The emergence of MERS-CoV further highlighted the importance of the Regulations and that epidemic and pandemic threats are on the rise. WHO worked closely with States Parties to raise awareness about the Regulations and associated commitments and facilitated experience sharing between countries and with other WHO regions. Collaboration was strengthened with international organizations, United Nations agencies, nongovernmental organizations and WHO collaborating centres and networks of excellence to support countries to step up the implementation of the Regulations. Support for national authorities in their efforts to respond to outbreaks, including the MERS-CoV outbreak, was managed within the framework of the Regulations.

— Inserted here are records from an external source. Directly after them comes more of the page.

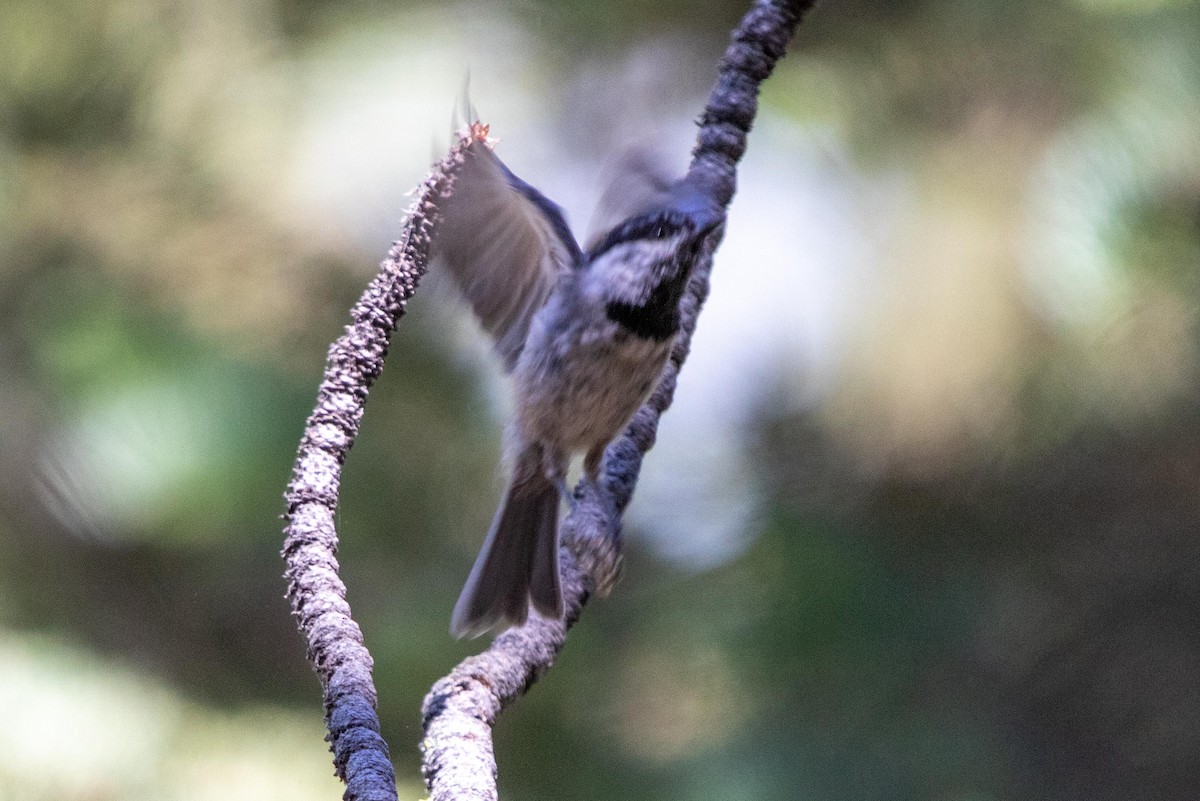 Mountain Chickadee - ML622087443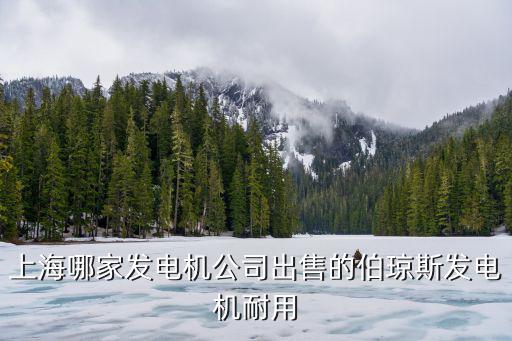 上海哪家發(fā)電機(jī)公司出售的伯瓊斯發(fā)電機(jī)耐用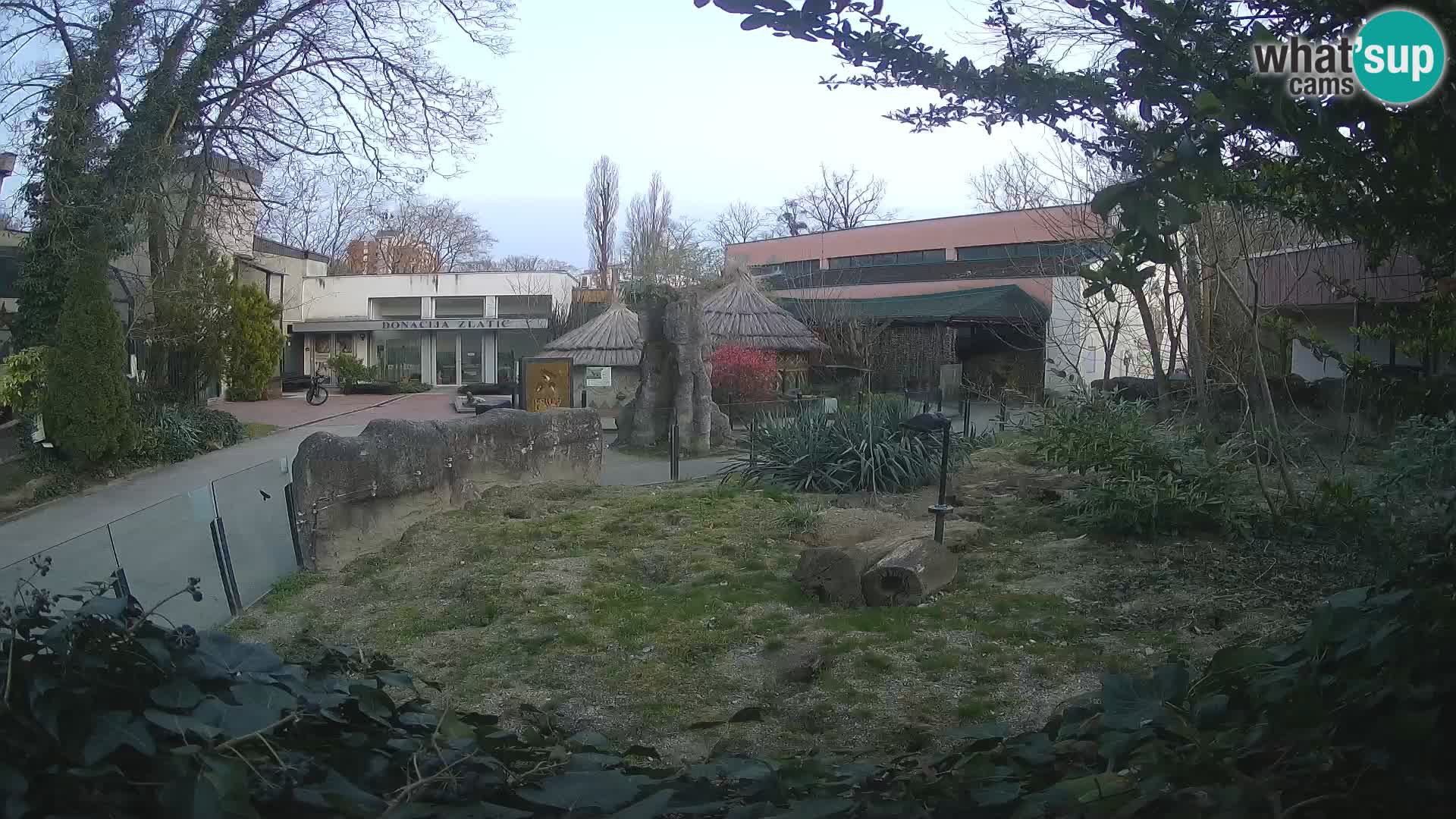 Zoo Zagreb – Suricata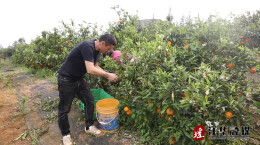 江华：香橙丰收季 甜果映笑颜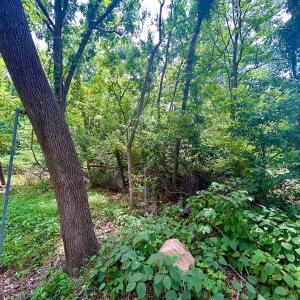 Photo #25 of 1098 Clear Springs Rd, Montvale, VA 0.7 acres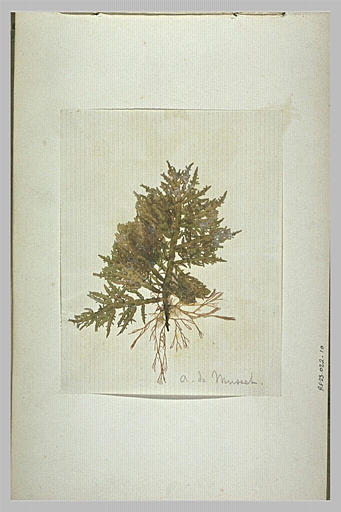 Planche d'herbier_0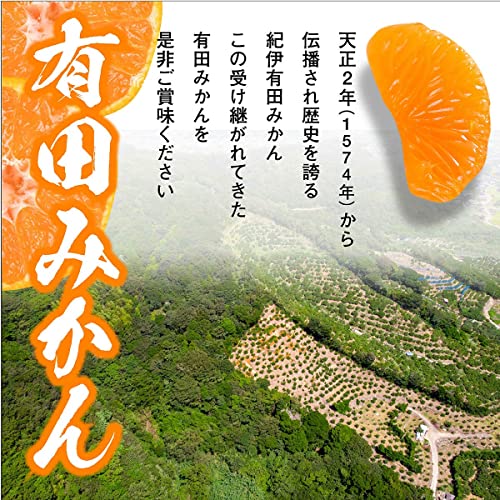 和歌山県産 有田ミカン 5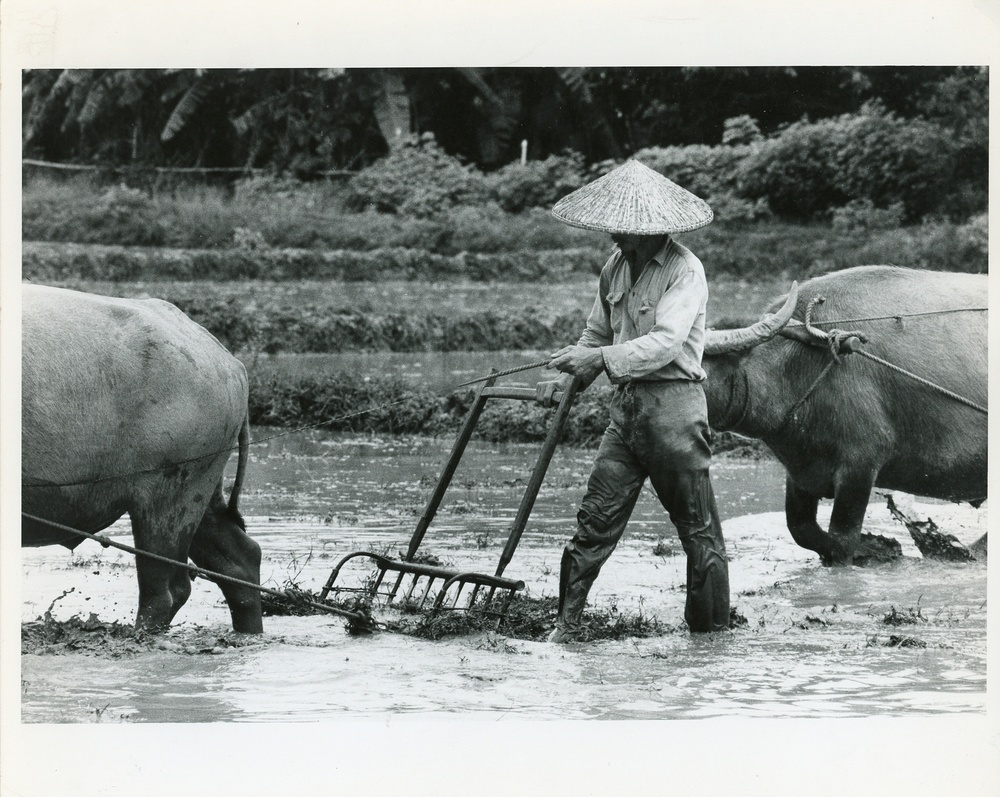 Agriculture
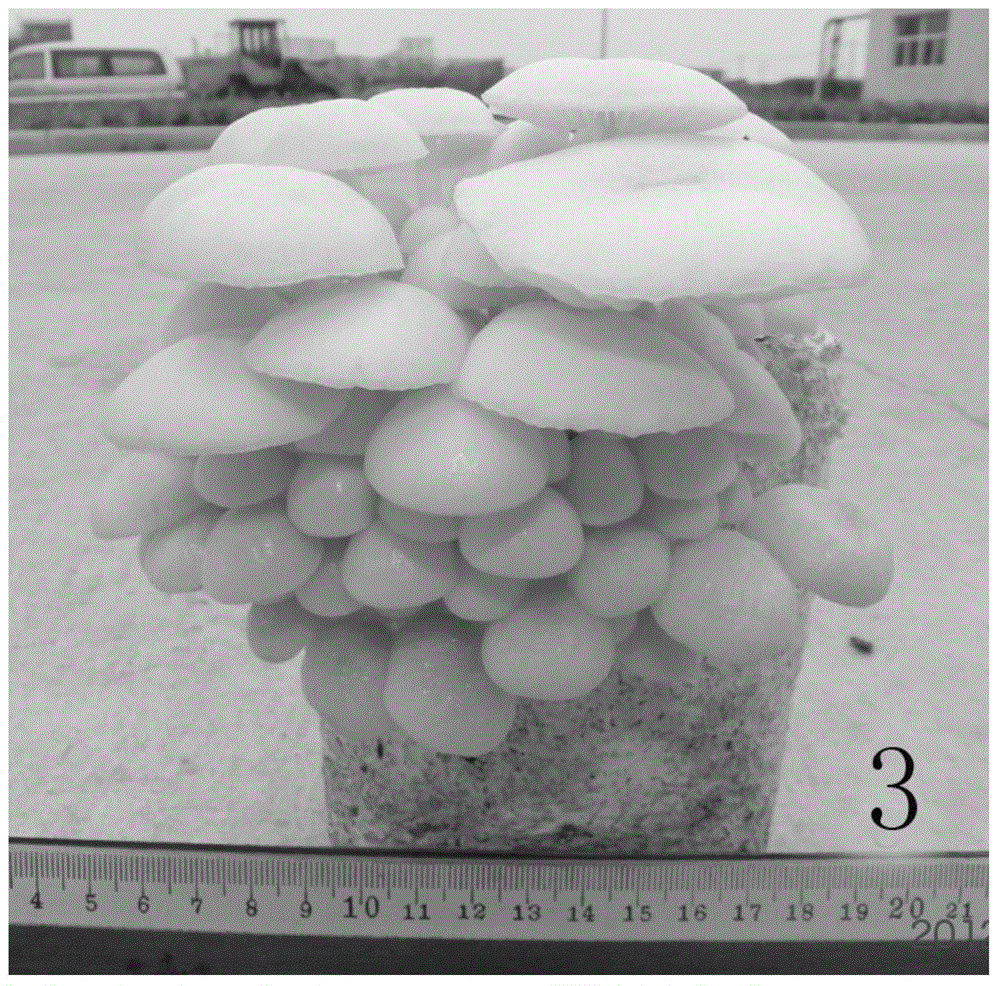 A kind of soilless culture method of odes mushroom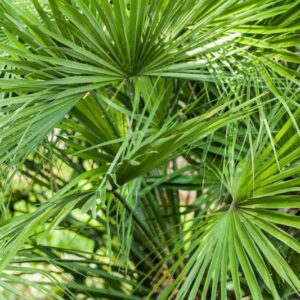 5262-CHAMAEROPS HUMILIS - MEDITERRANEO OCC - PALMAE
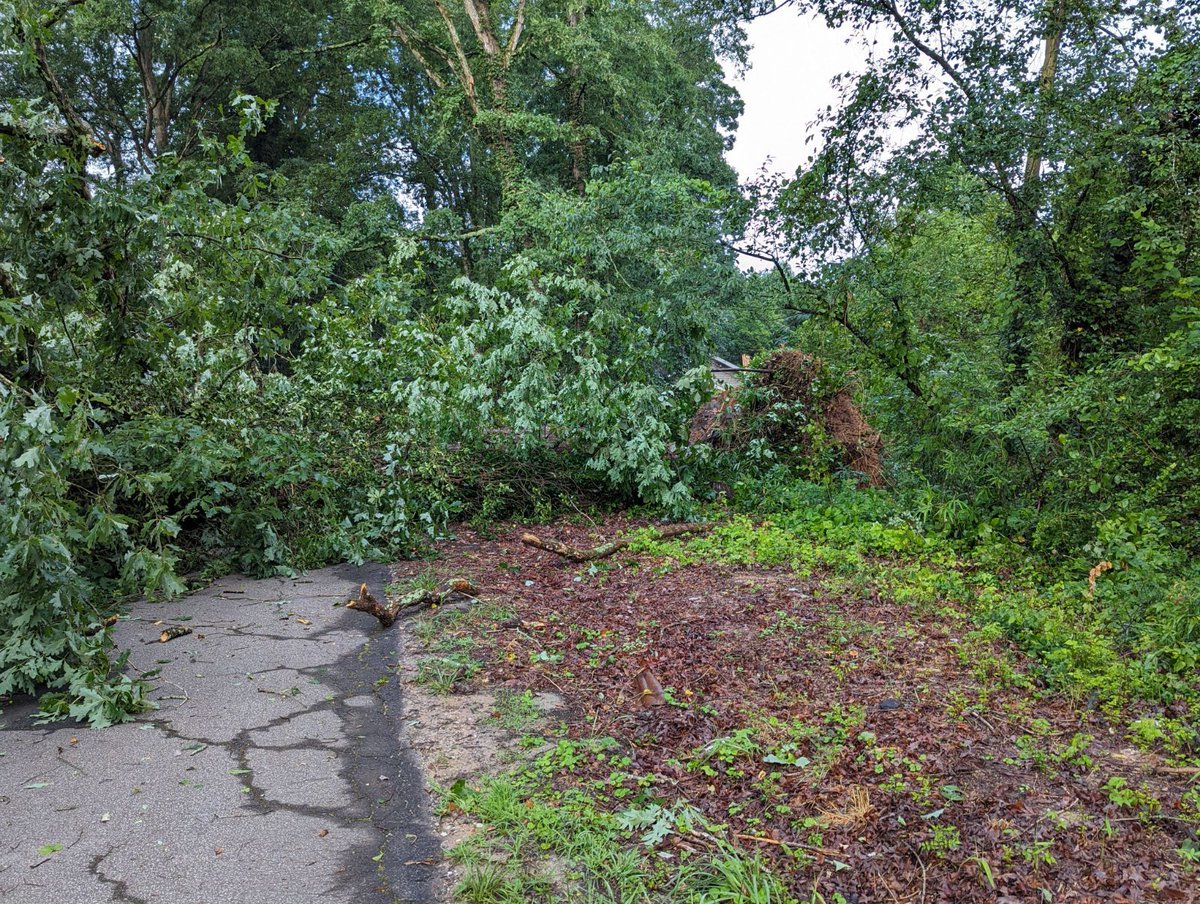 amesintheusa's tweet photo. @ReedTimmerAccu https://t.co/1R08BE6vUQ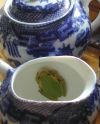 tn_frog.sugar.jpg (4396 bytes)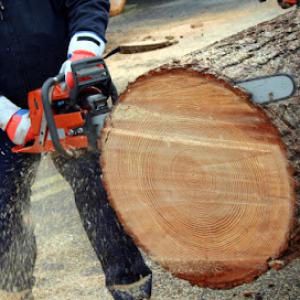Soriano Landscaping & Tree Service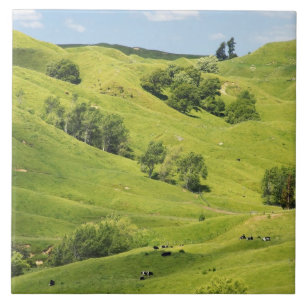 Ackerland in der Nähe von Gisborne, Neuseeland Fliese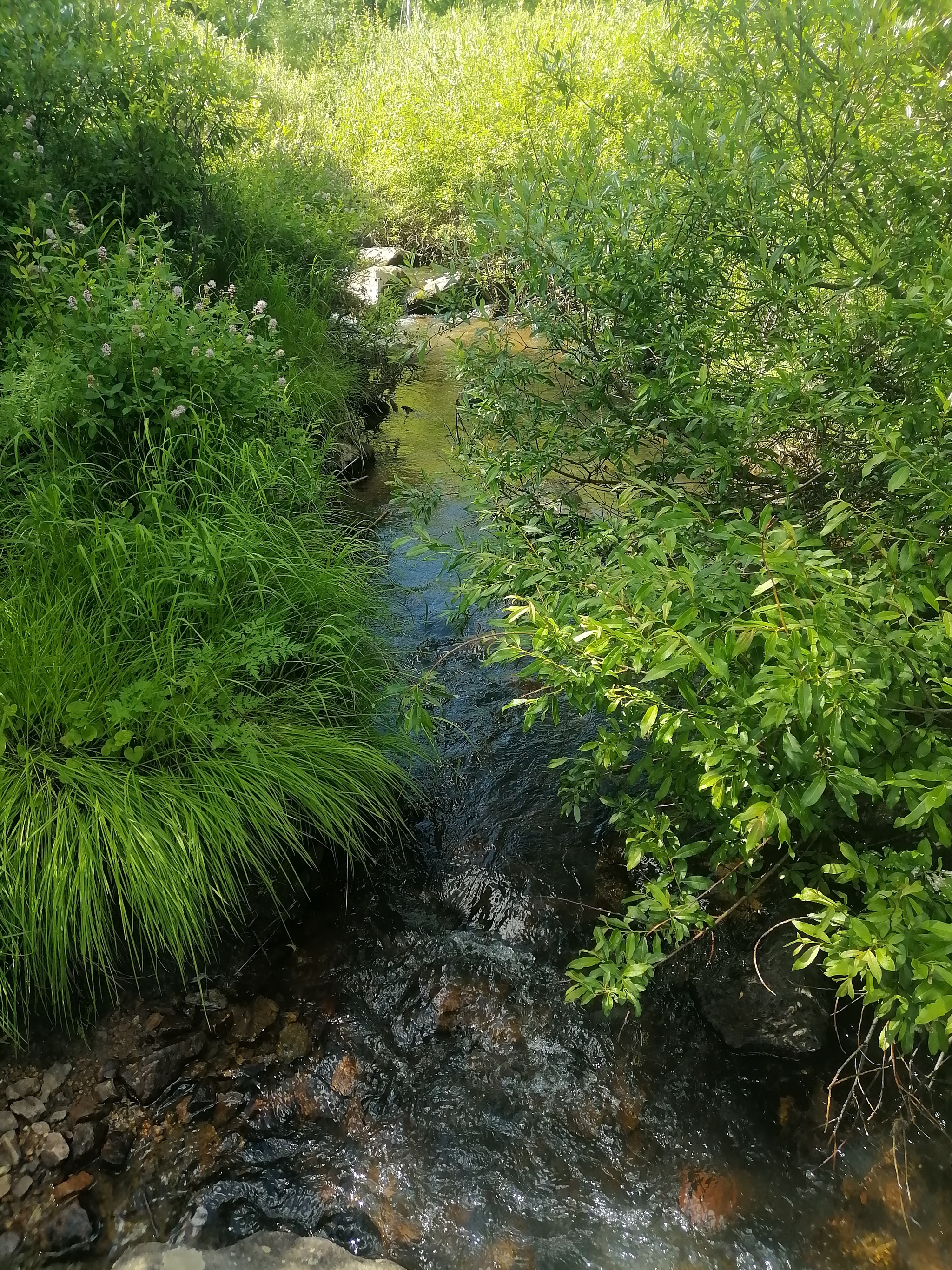 As the month of autumn, and I already miss the summer :) - My, Greenery, Grass, Summer, Forest, Irises, Water, Longpost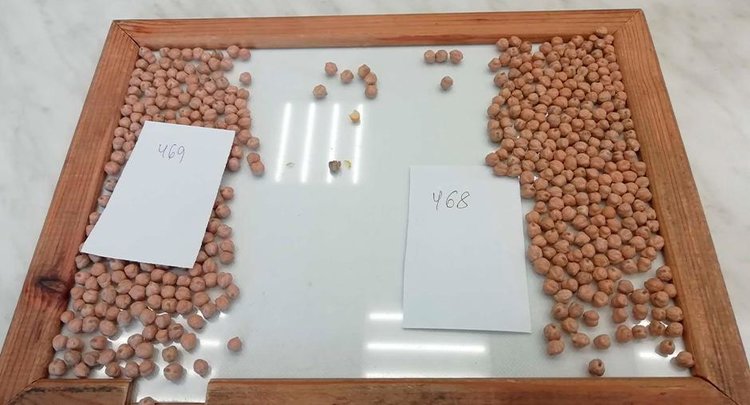 Волгоградские эксперты ЦОК АПК подтвердили качество свыше 800 тонн нута для экспорта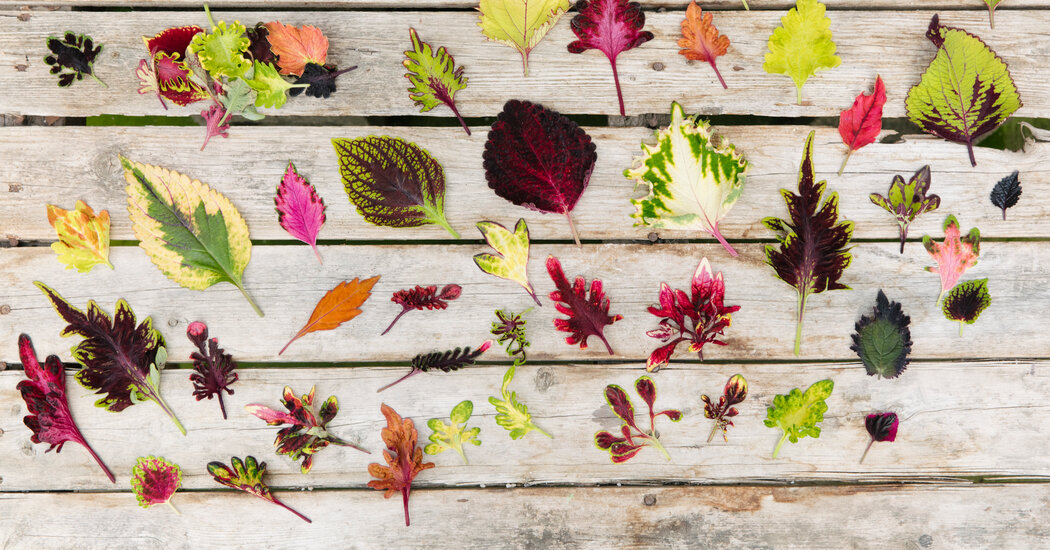 The Colorful World of Coleus Breeding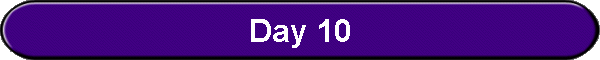 Day 10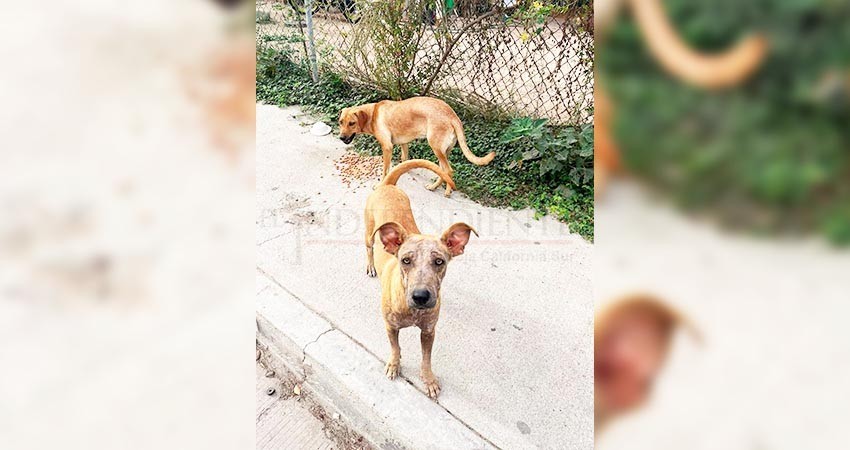 Continúa problemática de animales abandonados; piden auxilio para perritos en CSL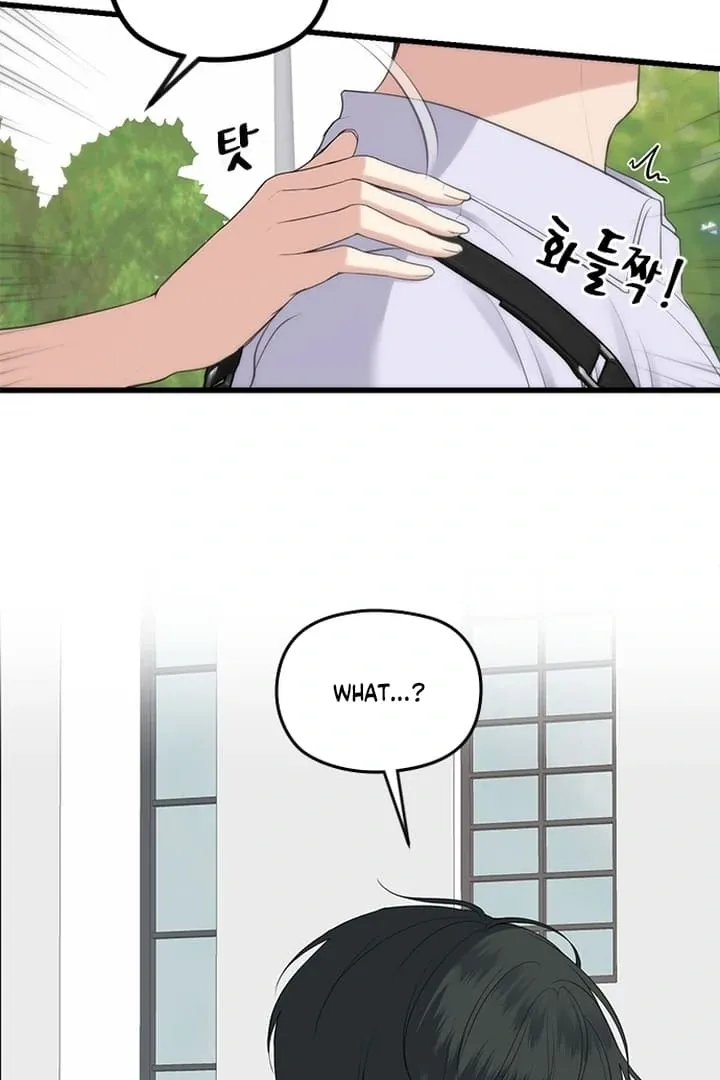 She Was My Revenge Chapter 13 page 5 - 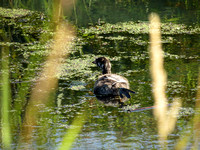 VR IMG_1268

WHO continued to provide technical support to States Parties to review the status of implementation and to develop national plans to address the gaps in capacity requirements. It is expected that a considerable number of State Parties in the Region will request further extension to implement the requirements by June 2016.
Figure 2: International Health Regulations (2005): level of core capacity implementation in the Eastern Mediterranean Region, 2013
Source: Summary of States Parties 2013 report on IHR core capacity implementation. Geneva: World Health Organization; 2014.
[1] For tuberculosis case detection, WHO receives data a year later, thus case detection data relate to 2012 and treatment outcome data to 2013.
[2] South Sudan became a Member of the African Region in May 2013.